Monday, 10 November 2014

Museum volunteer work

I finished by assignment at the Canadian War Museum and have now returned to the National Gallery of Canada to start a new Season of Lectures and school work with visiting schools and introducing children to art, age group 6 to 12 years old. I am also a docent-guide and give small lectures 10 minutes or more on a specific works of art in the Gallery. All this is volunteer work and requires a lot of preparation and reading, you simply cannot do it cold turkey, not possible and very dangerous since there is always someone lurking about with that clever question or observation.

So preparation is everything and it also has to be entertaining. The Mercredis Culturels lectures is a 54 year old program and I have been the convenor for the last 2 years organizing lectures with various experts on an Art Topic of their choice. I had prepared a lecture just in case of an emergency if a lecturer cancelled and this did happen last week. I re-wrote the lecture in 48 hours and re-arranged my slides. My topic was the Hermitage Museum it's history from 1764 to 1936. This year is the 250th Anniversary of its foundation by Catherine II of Russia. It went very well and got a standing ovation and many compliments from the audience which surprised me no end.

The School program is just as complicated they may be in the 6 to 12 year old range they know what is of interest to them. Usually abstract, modern, contemporary art is a hit, kids understand that easily, it appeals to them. Classical, Academic, old Masters, Renaissance gets a big yawn, unless there are children or animals in the painting.

Maman by Louise Bourgeois at the NGC

So this year I will do tours inside the Museum and at local schools in the region of the National Capital. At the museum the tours are 50 minutes total and you take the kids around the galleries and present chosen selected paintings, at least you get a break after your tour is done and can have a coffee. Not so in local schools, this is a free program and since the Provincial Government cut all Art programs in schools some years ago, we are the only free outlet for them and you spend all day in school without as much as a pee break. This year again I am presenting a program on the Renaissance because one school asked for it. As for the other schools it will be about Abstract and Surrealism, Kandinsky and Magritte. The goal is to give the kids a first appreciation for Art, they often have no exposure what so ever in their lives unless a relative is an artist. I engage them by asking what they see in a painting or what attracts their attention, getting them to talk about a painting and playing a game of discovery works well. I also try to challenge what they may have been told about art or how to interpret it. I talk about the painter, the history behind the making of the painting, the people in it, who they are, etc.

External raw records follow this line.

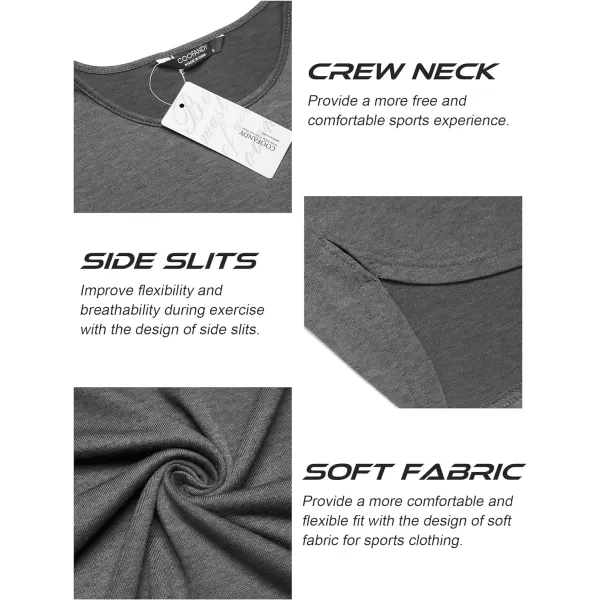 COOFANDY Men's 3 Pack Workout Tank Tops Sleeveless Gym Shirts Bodybuilding Fitness Muscle Tee Shirts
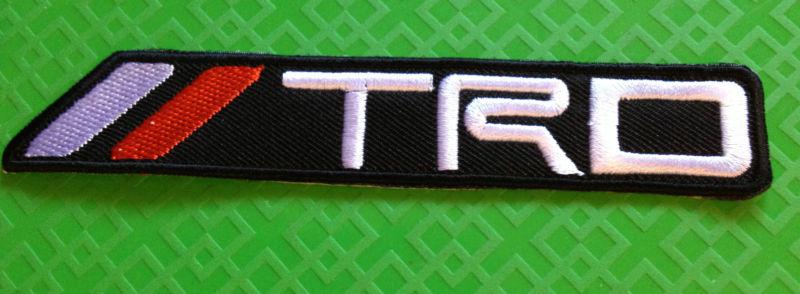 Trd embroidered patche iron-on or sew racing toyota jdm corolla sr5 matrix rav4 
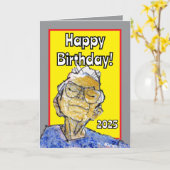 Carte Reposer Ses Yeux Joyeux Anniversaire (Fleur jaune)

It can be very challenging because they do not know why they should even be interested. It is also important to get the teachers into the act, many have never set foot in a Museum. My goal is to reach the kids if one person is happy and engaged then it is all worthwhile.

As for the public at the Museum who come for the talks and presentations, the goal is to make their visit worthwhile and hope that they will come back regularly. Unfortunately in Ottawa going to a museum is not an activity anyone considers. Many people I have spoken to have been in a museum once in 30 years, usually for an hour. It is a challenge to get them to come and stop to look. This is all part of the job and I take it to heart. Again I find that if you give visitors background on a painting and the artist, a bit of history and compare one artist to another to highlight differences or similarities people respond well to that, they can connect and it is no longer just a painting on the wall. We even get into conversations about framing, often people will ask how we got that frame or why this type of frame, they may not like it and think it is ugly. The whole idea is to make Art approachable and easy to assimilate.

It did work fairly well this summer when comparing the painters Otto Dix and AY Jackson. In the end despite the fact that Jackson is well known to Canadians many preferred Dix. The reason was that they had discovered a painter who was complex and controversial and was not afraid to explore difficult themes. He was a puzzle for viewers whereas Jackson was just plain.

All this to say that I do enjoy what I am doing as a Volunteer.


  1. congratulations! they are fortunate to have you.

  2. You are providing a great service to your community. It's a shame that the art programs get cut first. It's a true loss.

  3. You'll never know the good you do -- you may be the spark that causes some child (or even adult) to think about things they never did before or to get interested in art or history. Just keep the faith!